Search code examples
monitoringprometheusmetrics

Why there are both counters and gauges in Prometheus if gauges can act as counters?


When deciding between Counter and Gauge, Prometheus documentation states that

To pick between counter and gauge, there is a simple rule of thumb: if the value can go down, it is a gauge. Counters can only go up (and reset, such as when a process restarts).

They seem to cover overlapping use cases: you could use a Gauge that only ever increases. So why even create the Counter metric type in the first place? Why don't you simply use Gauges for both?


Solution

  • From a conceptual point of view, gauge and counter have different purposes

    • a gauge typically represents a state, usually with the purpose of detecting saturation.
    • the absolute value of a counter is not really meaningful, the real purpose is rather to compute an evolution (usually a utilization) with functions like irate/rate(), increase() ...

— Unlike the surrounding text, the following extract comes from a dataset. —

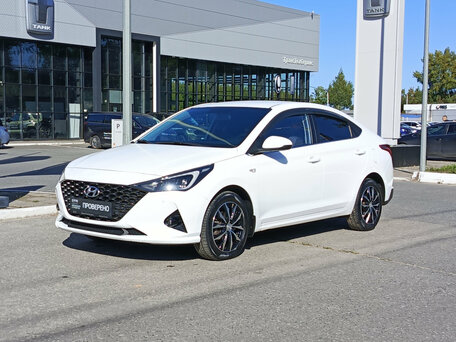 Hyundai Solaris II Рестайлинг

    Those evolution operations requires a reliable computation of the increase that you could not achieve with a gauge because you need to detect resets of the value.

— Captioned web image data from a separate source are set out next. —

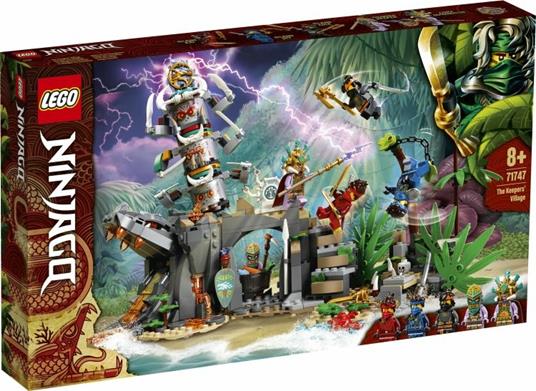 LEGO® 71747 - Il villaggio dei Guardiani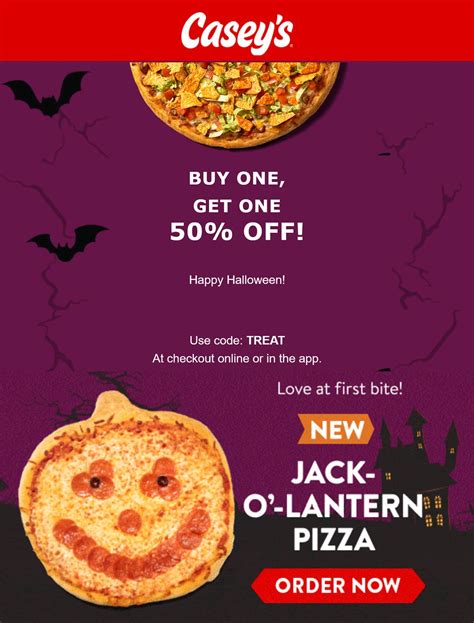 Pizza Coupons Caseys at Latoya Zell blog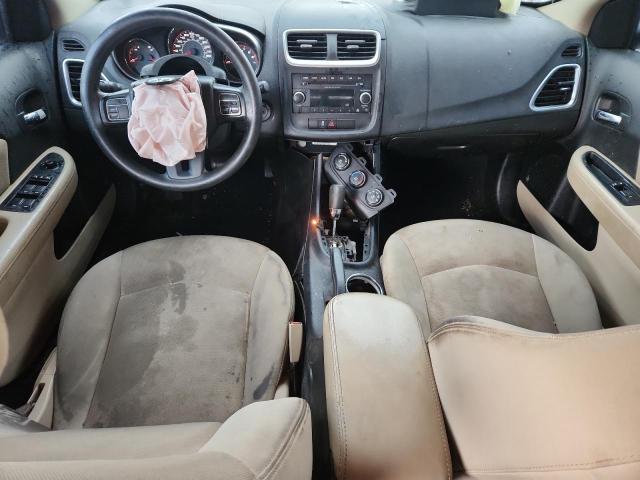 1C3CDZAB6DN566277 - 2013 DODGE AVENGER SE 红色 照片 8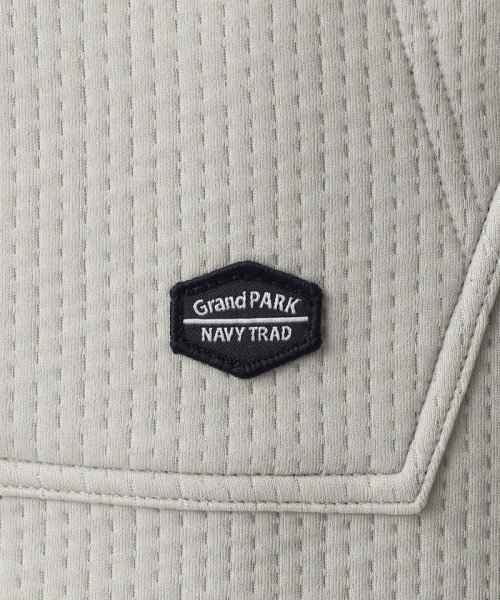 Grand PARK(グランドパーク)/スポンジカットキルトポケット付きスウェッ/img06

    Technically, a counter has two important properties:

    1. it always starts at 0
    2. it always increases (i.e. incremented in the code)

    If the application restarts between two Prometheus scrapes, the value of the second scrape is likely to be less than the previous scrape and the increase can be recovered (somewhat because you'll always lose the increase between the last scrape and the reset).

    A simple algorithm to compute the increase of counter between scrapes from t1 to t2 is:

    • if counter(t2) >= counter(t1) then increase=counter(t2)-counter(t1)
    • if counter(t2) < counter(t1) then increase=counter(t2)

    As a conclusion, from a technical point of view, you can use a gauge instead of a counter provided you reset it to 0 at startup and only increment it, but any violation of contract will lead to wrong values.

    As a side note, I also expect a counter implementation to use unsigned integer representation while gauge will rather use a floating point representation. This has some minor impacts on the code such as the ability to overflow to 0 automatically and better support for atomic operations on current cpus.